La vida está pasando y es muy raro. Hoy -en la semana en la que casi me avergüenzo de ser de izquierdas- me ha comentado mi hermana pequeña que se ha gastado el dinero de su cumpleaños en una guitarra y que ya lleva dos clases. Yo le he dicho que vaya por Dios, que nosotras tenemos los dedos tan pequeños y rechonchos que ríete tú para llegar a las notas altas. Entonces le he contado que, en el verano de mis dieciocho, justo antes de venirme a Madrid, pecosa y salvaje como no he vuelto a ser -y más preocupada siempre por la historia que por la vida- me fijé allá en el pueblecito donde veraneaba en un Lenny Kravitz mediterráneo.
Estudiaba Arquitectura. El tipo era un inadaptado, y con eso bastaba como arranque literario. Un bicho raro de pelo rizado y labio grueso, culto y hermético hasta decir "basta", con dificultades para el afecto pero con un gusto exquisito para el arte. Todo esto en un marco de suizos blanquísimos y espetos dorados, de olor a salitre y terrazas triviales, de chavales con moto cercando las plazas y hablando de alucinógenos o del polvo de no sé quién. Algo había que hacer, eso estaba claro, él tenía que encontrarme entre la espesa papilla del folclore estival y llevarme un poco más lejos, hacia algún autor sofisticado o alguna obra impronunciable, yo que sé, hacia un arañazo más sabio en la piel o algún tipo nuevo de beso.
Yo estaba aburrida, y, como diría la fabulosa Aixa de la Cruz, nunca soy más peligrosa que cuando me aburro. Sólo se me ocurrió escribirle a Lenny diciéndole que quería aprender a tocar, que sabía que él estaba en un grupo y que quizá le interesaría dar clases de verano. Aceptó sin muchas contemplaciones, y el relato cogió fuerza: mi madre quiso ocultarle a mi padre lo de la guitarra -porque ya intuía la Santa que yo era alumna desaplicada pero mujercita veloz-, y yo escondía el instrumento debajo de la cama, como quien esconde a un novio primerizo, pero, a veces, si me tiraba de golpe en el colchón, escuchaba las cuerdas rozar con el somier y casi temblaba de excitación.
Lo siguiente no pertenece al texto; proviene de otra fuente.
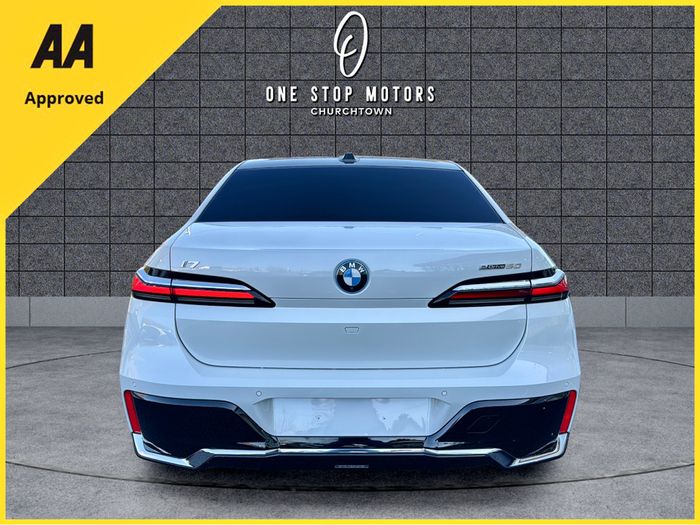BMW i7 2025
Qué hermoso que hubiese una época donde las cosas prohibidas eran las más tontas: nunca daremos las gracias lo bastante por aquel morbo viejo.
Celebrábamos -porque aquellas tardes eran una fiesta- las clases en secreto en la terraza de mi Tata -mi mejor amiga adulta y mi heroína de la infancia-, y no tardamos en descubrir que yo era un ser con buenas intenciones pero torpe, sin oído ninguno y con los dedos desajustados, antierótica de pura inutilidad, pero le hizo gracia y nos hicimos amigos. Más o menos amigos, porque yo intentaba siempre ser más diamante que bruta y eso era cansado, y a él también debía agotarle lo de ser sublime sin interrupción, como escribía Baudelaire. Recuerdo un día en el que me propuso coger las bicis -es que el tío también era atleta, coño- y pedalear raudos hasta la puesta de sol. Yo andaba en plena agonía menstrual pero allí que me encaramé al sillín, porque las buenas tramas requieren sacrificio y eso una lo sabe.
Él leía a Murakami como un descosido y a menudo me encontraba en algún personaje de sus libros; aprobó un título de inglés ese verano, me llevó al Jamming a celebrarlo con sus amigos y me colocaba el pelo detrás de la oreja en las despedidas tensas en el portal. Al final, nos bañamos en el mar de madrugada y nos besamos muy salado en mi tiempo de descuento.
La vida está pasando y es muy raro. Yo sólo aprendí a tocar El muelle de San Blas y Estrella polar, pero más contenta que cuatro. Ya no sé si soy esa niña. Me miro los dedos y son más esbeltos. Me he vuelto más hábil, pero terriblemente más cobarde. ¿Volveré a ser una mujer murakamiense, lo fui alguna vez? Todos los días me digo que debo sentarme a escribir el libro que le prometí y nunca lo hago. Hoy, en este Madrid soporífero y devastado por la nadería, he encontrado una excusa para honrar los veranos de antes, cuando la vida aún salía a recibirnos y todo parecía posible. No estuvo mal, ahora sonrío: Lenny invirtió todo el dinero que le pagué por las clases en invitarme a cenar mil veces para seguir hablando. Hablar, hablar de todo. Sin descanso. Supongo que es ahí donde empiezan las novelas.
(Por suerte, el profesor de guitarra de mi hermana es un señor calvo de cincuenta años).